Three possibilities—killed or injured, someone with a disability, someone who didn’t know how to swim, or didn’t trust their swimming skills to make it to shore.

If alive, Hawkeye thought he might find them clinging to the side of the boat below the fire line or maybe they found something buoyant.

Yes, that was his best guess.

He had used the first wave to make it to shore, and the others probably made that distance because they used the waves to their advantage.

But why were the crew at the second cove?

If it were Hawkeye, he’d have a sense of responsibility. He would have tried to make sure everyone was safe, tried to get to his coworkers.

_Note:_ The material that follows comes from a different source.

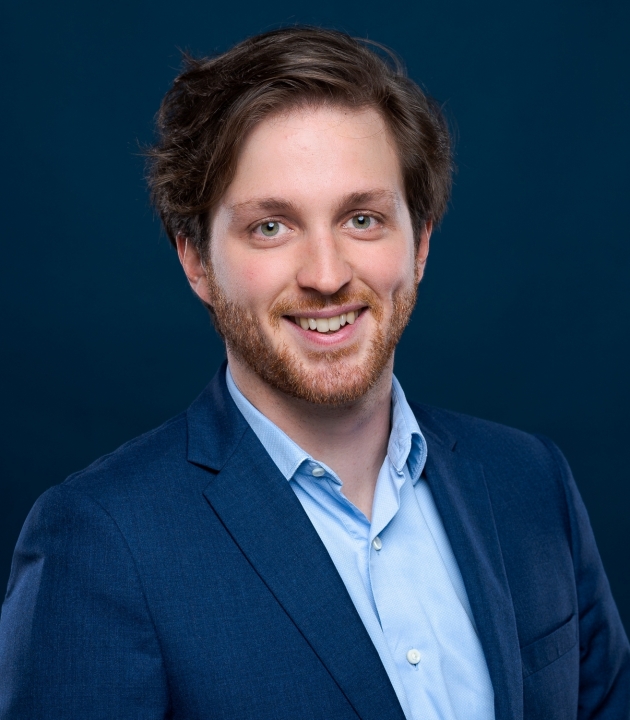 Hadrien Giry-Deloison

Hawkeye bet that by the time the third wave hit, they decided they’d done what they could. And he bet they’d somehow angled differently.

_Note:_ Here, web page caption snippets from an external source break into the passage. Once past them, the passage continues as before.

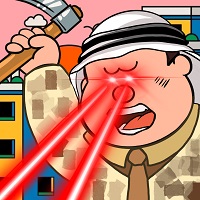 inscription ecbaf748b921af6cd7386e223ec69980e78c2a56ca0a926b09631d5d7371762fi0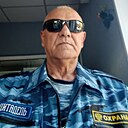 Михаил, 61 год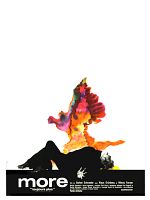 Poster der More
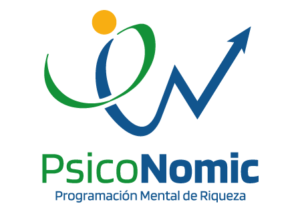 Diseño de logos corporativos
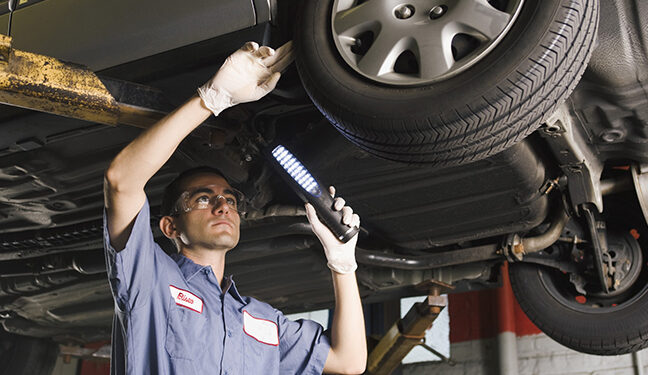 neumaticos-tren-delantero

If he was right, and the current pulled them farther south—not much farther south, but enough—then his search should be south, not seaward for this point.

When Hawkeye looked over his shoulder, Halo and Max were in view. “I’m turning here.”

Max was up on Halo’s shoulders. And, like Cooper, had his nose down, chuffing air, searching for the scent of a human under the water.

It was so strange to be in the pristine clarity of the water this morning and to have visibility change so drastically in such a short time.

As he turned back to the boat, Hawkeye saw that the anchor line was down.

“Halo!” Hawkeye called with a hand cupped around his mouth. The winds were high and strong, and he was covered in goose flesh. “Anchors down! Check to see if anyone is clinging to it. Bobbing into the water so they aren’t in the fire. Someone who can’t swim.”

“Wilco. Heading there now.”

Hawkeye could feel a shift in the water and wondered if they were now moving into low tide. And while that might help him get out to the boat, it would make getting back in that much harder.

Stilling for a moment to consider the position of the boat and the direction of the ripples, Hawkeye saw something in the distance farther out to sea.

He squinted at it using a technique from his days as a Green Beret when he willed his brain to make sense of a shape. It often brought something into relief. Hawkeye would swear there was a bobbing white cube—cooler?—with something dark draped over the top—person? It seemed to be floating away from them out to sea.

He spun his surfboard around. Halo was closest, but not in a direct line of sight. If he was checking the anchor, he might miss this. And the person might float past the horizon line.

“Halo!” Hawkeye bellowed, letting the water carry the sound of his voice. “Around the back of the boat, your eleven o’clock.”

“My eleven. Wilco!” Halo tucked his head, his hands stabbed into the water as he propelled himself toward the mark.

Cooper scrambled to Hawkeye’s other shoulder, whining and crouching as if to dive into the water. Hawkeye wondered if the smell of the fire and the burning chemicals was frightening him. Their surfboard might be as close to the inferno as Cooper could stand it.

Pressing his clawed paws into Hawkeye's back, Cooper released a series of barks that set Hawkeye’s limbic on fire.

His body was moving with purpose and power that came to him only in times of extreme need.

The tone of Cooper’s barks pressed Hawkeye’s throttle wide open, and he was gunning toward nothing obvious.